The catalogue of services of a smaller but no less significant nature provided by the PJ Club during its first thirty years of existence is immense and would fill many pages. Suffice it here to say, that the Club - and the whole Rotary movement - is a completely voluntary organization, and that everything that it has done is the result of leisure hours willingly sacrificed and of personal donations willingly given. indeed, there is no way by which the fifty or so members who constitute the Club's membership could have done what they have done by merely making speeches to each other once a week over a good lunch.

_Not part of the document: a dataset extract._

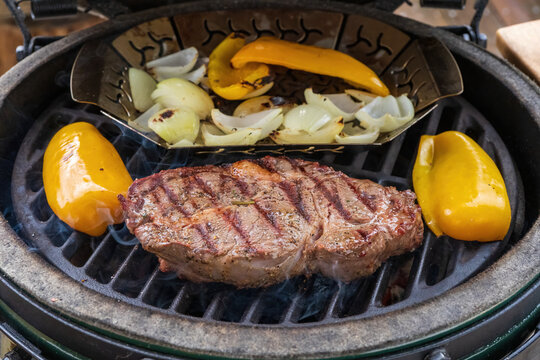 ready to eat - a grilled steak with yellow paprika, onions and rosemary from a outdoor charcoal grill 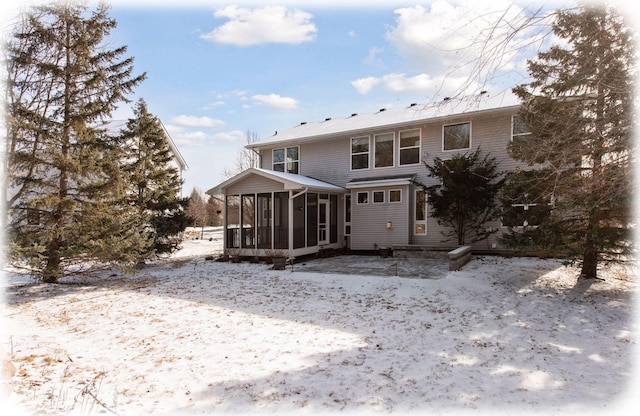 snow covered rear of property with a sunroom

Like all good parents, the Rotarians of PJ are able to boast the birth of three offspring to extend the Rotary ideal. The first Rotary club to be sired by the PJ Club was that of Shah Alam in 1980, followed by that of Subang in 1984. In both cases the midwife was P.P. Dr. Lim Chee Shin. The latest arrival is the Rotary Club of Kelana Jaya, established in 1991, the midwife in this instance being P.P. Jack Chan, who being a Shell man, might have found his piece of midwifery a new experience.